O que deve ser abordado é a estrutura das religiões como fenômenos sociais
Sérgio Azevedo Junqueira, pedagogo e especialista em ciência da religião, adiciona que a obrigatoriedade do ensino religioso no currículo das escolas públicas brasileiras, garantida pelo artigo 210 da Constituição, cria tensões. “O que deve ser abordado é a estrutura das religiões como fenômenos sociais”, defende.
Além de integrar o estudo da religião em disciplinas como história, filosofia e geografia, sempre com enfoque cultural e não dogmático, conforme os profissionais listam.

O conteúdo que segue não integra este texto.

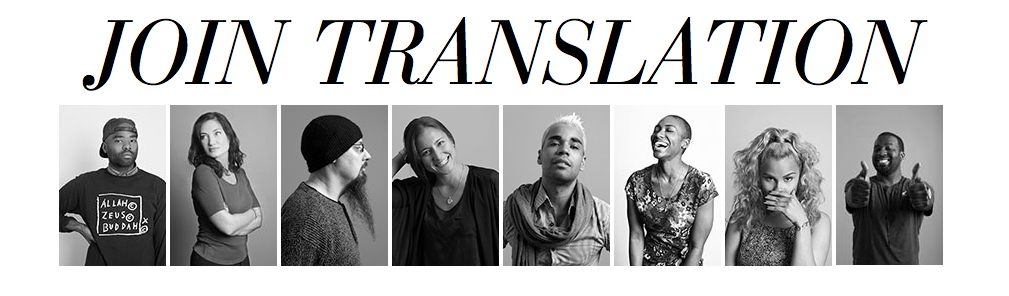 PulseofCulture's tweet photo. Have you applied to #InternAtTranslation? Only THREE WKS left! Show us what you've got, here: http://t.co/Gm9p96vFcx http://t.co/GrgknjsqhH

Esse procedimento ajuda os estudantes a entenderem as conexões entre religião, política e sociedade. “A Base Nacional Comum Curricular (BNCC) trouxe avanços ao propor uma abordagem que valoriza o conhecimento sobre as religiões como um fenômeno sociocultural”, analisa Junqueira. “Isso dá aos alunos ferramentas para compreender e interpretar o mundo ao redor”, completa.
“Não que o saber religioso não seja importante, mas a religião deve ser tratada na escola como uma manifestação sociológica, filosófica e histórica; e que faça parte das disciplinas — e não seja um conteúdo em si mesma para discussões sobre religiões específicas”, pondera Sepúlveda.
Até porque, explica, “é impossível falar sobre a história do Brasil sem falar dos jesuítas, assim como é impossível falar de filosofia sem citar a escolástica”. “Quer dizer, a religião já está presente na escola. O que precisamos fazer com isso é trabalhar para que o respeito seja garantido, sem que haja proselitismo religioso”, conclui o coordenador do Observatório da Laicidade na Educação.